Although the New York court called such behavior “a paradigm of rudeness” and ordered monetary sanctions against the acid-tongued attorney, it was not able to act under any authority that specifically prohibited such conduct. Rather, it had to cobble together a remedy based on a prohibition addressing frivolous conduct in civil litigation contained in the Rules of the Chief Administrator of the Courts.
In another case, a New York judge had to rely on a state civil practice rule dealing with failure to disclose discovery in order to boot a case in which plaintiff’s counsel called defense counsel a “scared little man” who practiced “in the sewer.” Corsini v. U-Haul International Inc., 630 N.Y.S.2d 45 (App. Div. 1995).
On Oct. 1, however, the Uniform Rules Relating to the Conduct of Depositions went into effect, giving New York state’s trial court judges a more direct way to crack down on bad behavior. The rules are designed to combat rudeness along with such obstructionist tactics as speaking objections that provide deponents answers, frivolous instructions to witnesses to not answer questions, and abrupt interruptions during questioning.
The rules were adopted by New York’s Chief Administrative Judge Jonathan Lippman upon the recommendation of the Advisory Committee on Civil Practice, which in its June 2005 report stated, “It is not unusual for attorneys, for tactical reasons or because of overzealousness or rudeness, deliberately to interrupt and burden depositions with comments about the adversary’s case.”
Indeed, committee members had observed such behavior across practice areas, including criminal, civil, family and commercial litigation, says its chair, Albany lawyer George F. Carpinello.
But New York isn’t the only state to take a stand against deposition abuses, nor is it the first, notes David Hricik, a law professor at Mercer University in Macon, Ga., and co-host of LegalEthics.com.

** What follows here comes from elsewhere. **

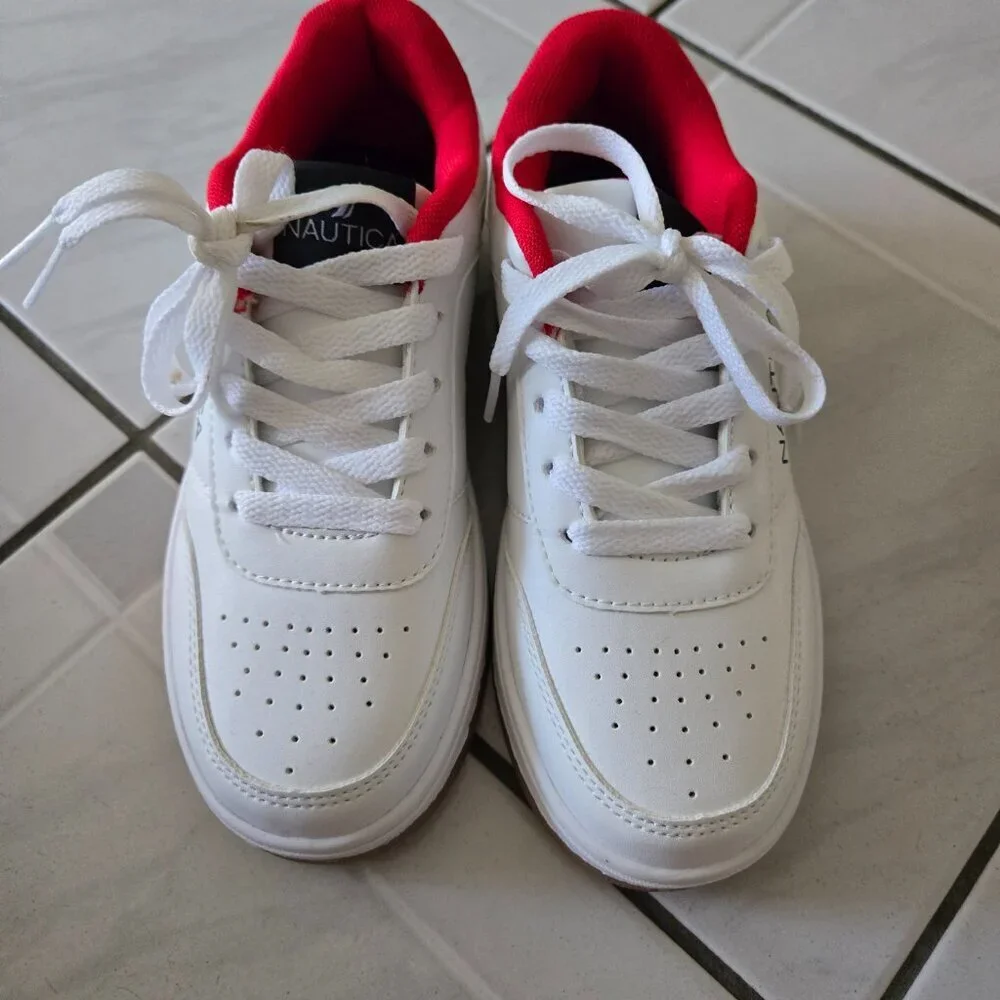 NIB Nautica Low Laceup Sneakers Lake Edge White Gum 1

Among the states with rules already on the books are Colorado, Florida, Massachusetts, Nevada, New Mexico, South Carolina, Texas, Wyoming, Vermont and West Virginia, says Hricik. He also notes that federal courts have already adopted rules on speaking objections and contentious deposition behavior.
But do rules against abusive deposition conduct really make a difference? Houston lawyer R. Paul Yetter thinks so. “Most trial lawyers in Texas will tell you there was a time when taking depositions with some lawyers was impossible. It was slow and inefficient because of [witness] coaching,” he says. Once Texas put its rules in place, Yetter noticed a marked change. “Witness coaching is not gone, but it has dramatically been cut down.”
New York hopes that its new rules will have a similar impact to the one Yetter experienced in Texas.
And that would be good for litigators, the legal profession and clients, say proponents of the rules. Hricik adds that in addition to promoting civility, rules like those in New York also promote efficiency. “The rules,” he says, “make depositions more like trial testimony and so probably lead to more accurate assessment of case value.”